* **Exercise**
For this exercise, restate word for word only the lines from the one containing "Dufour 520 GL | Moscow Mule" through the last line below. Pictures do not get copied.

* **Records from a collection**
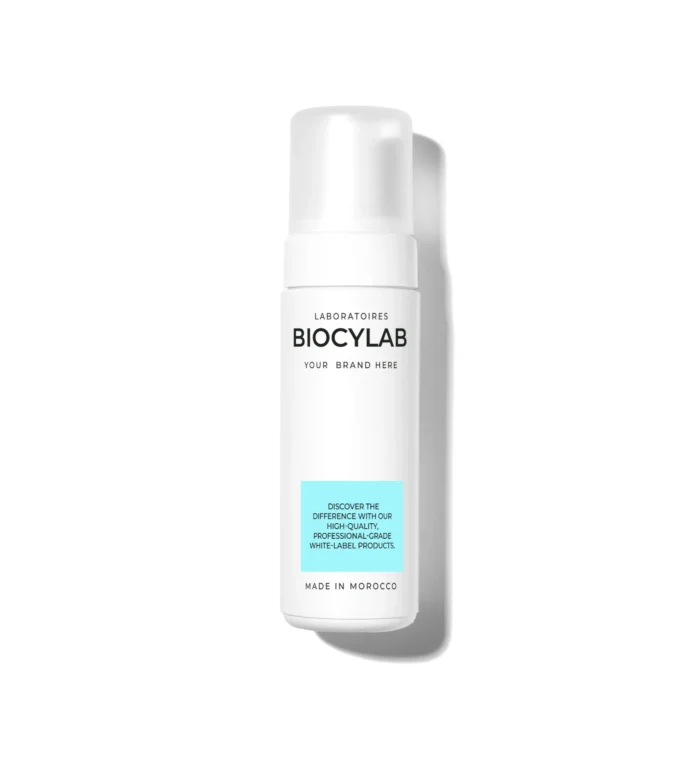 Production de soins cosmétiques innovants dans le laboratoire Biocylab, alliant science et qualité.
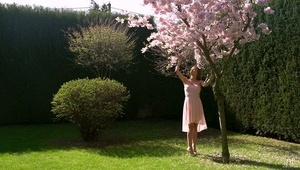 ciasna studentka ściąga majty i ujeżdża kutasa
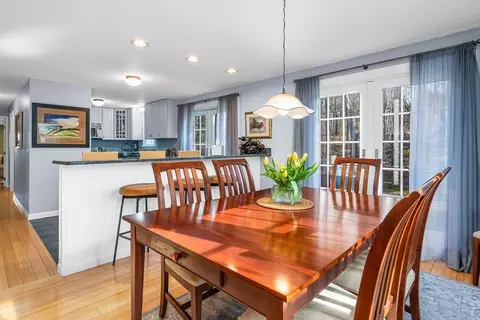 Dining - 17 Briar Patch Rd, Barnstable, MA 02655 photo 1 of 2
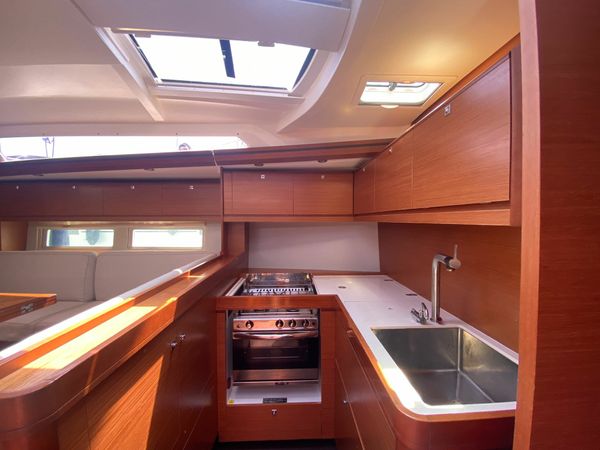 Dufour 520 GL | Moscow Mule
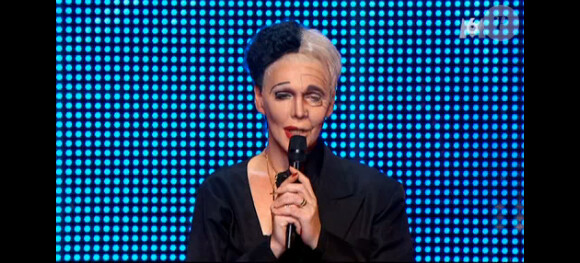 Ludivine Valandro dans Incroyable Talent sur M6, le mardi 30 décembre 2014.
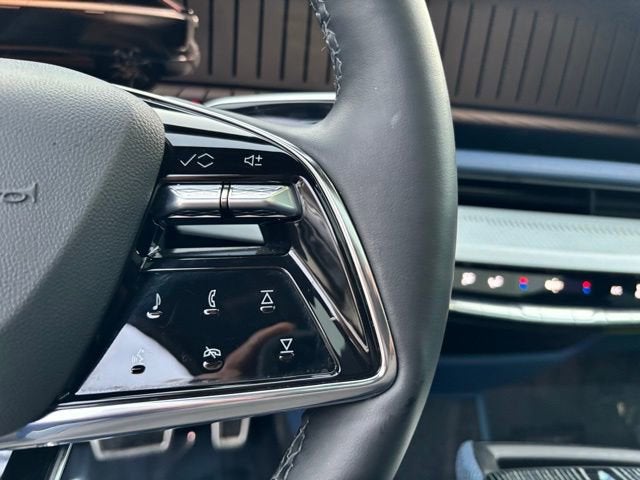 2025 Cadillac OPTIQ Sport 2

* **Output of the exercise**
 Dufour 520 GL | Moscow Mule
 Ludivine Valandro dans Incroyable Talent sur M6, le mardi 30 décembre 2014.
 2025 Cadillac OPTIQ Sport 2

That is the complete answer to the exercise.